**WORK TO COMPLETE:**
Below are records with pictures. Transcribe exactly, and only, the lines from the line with "Sandály Ipanema Daisy Baby Jr 83355-AH420 24" to the line with "Property for Sale, 406", both ends included, but not the pictures.

**EXERCISE INPUT:**
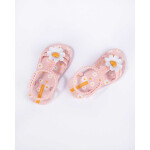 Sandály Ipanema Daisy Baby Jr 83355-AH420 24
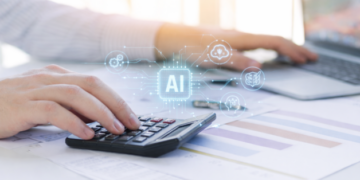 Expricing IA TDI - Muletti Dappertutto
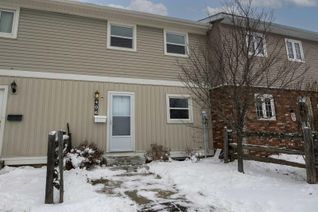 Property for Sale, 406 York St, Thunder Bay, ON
---
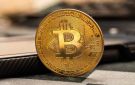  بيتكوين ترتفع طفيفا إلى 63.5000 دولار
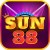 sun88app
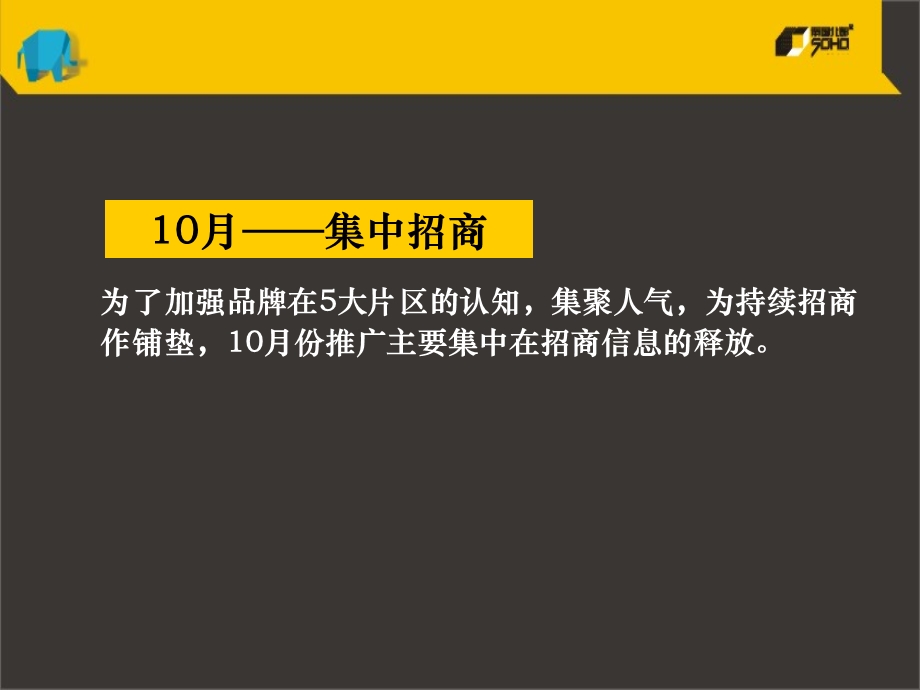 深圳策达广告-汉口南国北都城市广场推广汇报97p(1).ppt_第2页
...
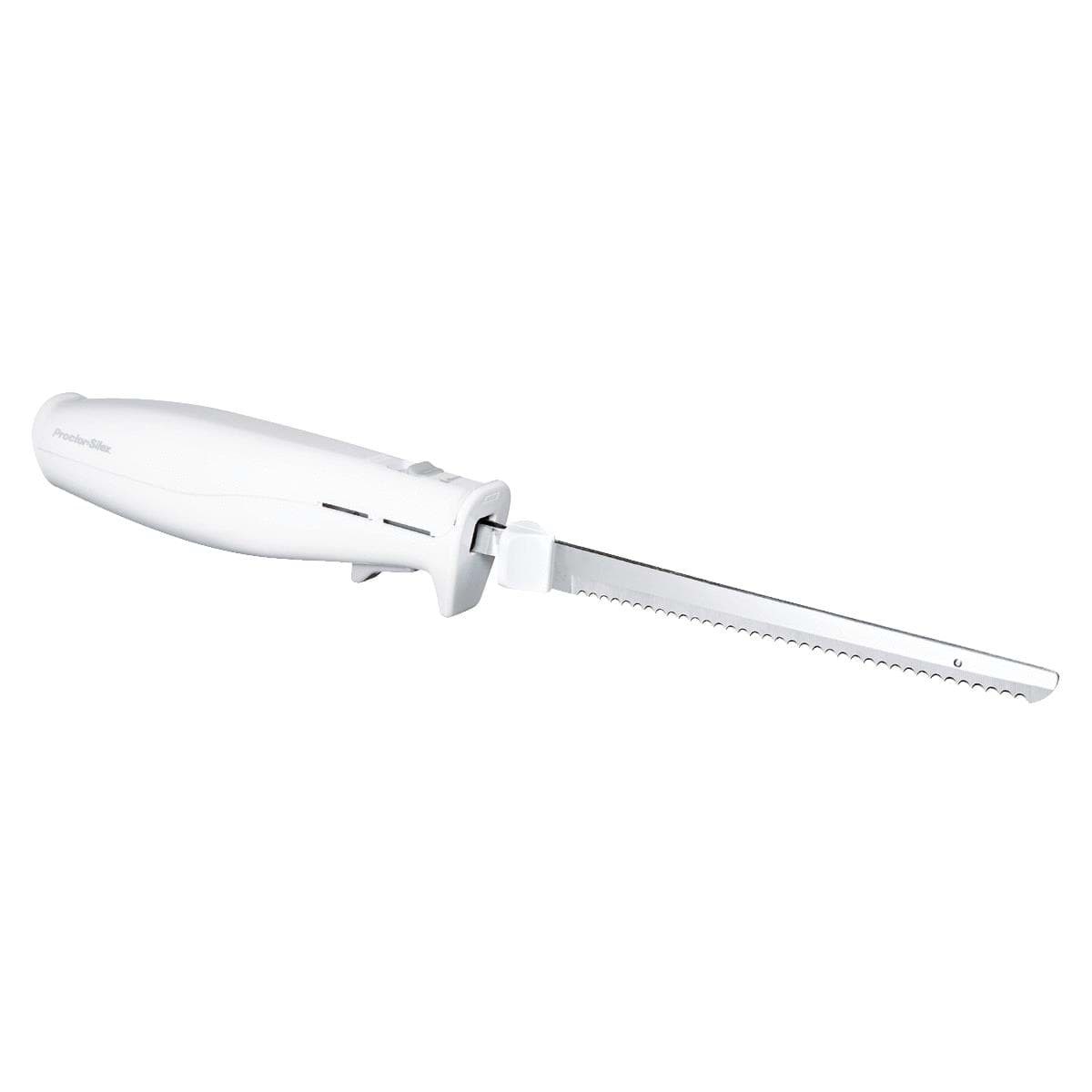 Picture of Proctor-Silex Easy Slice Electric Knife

**ANSWER FOR THE TASK:**
 Sandály Ipanema Daisy Baby Jr 83355-AH420 24
 Expricing IA TDI - Muletti Dappertutto
 Property for Sale, 406 York St, Thunder Bay, ON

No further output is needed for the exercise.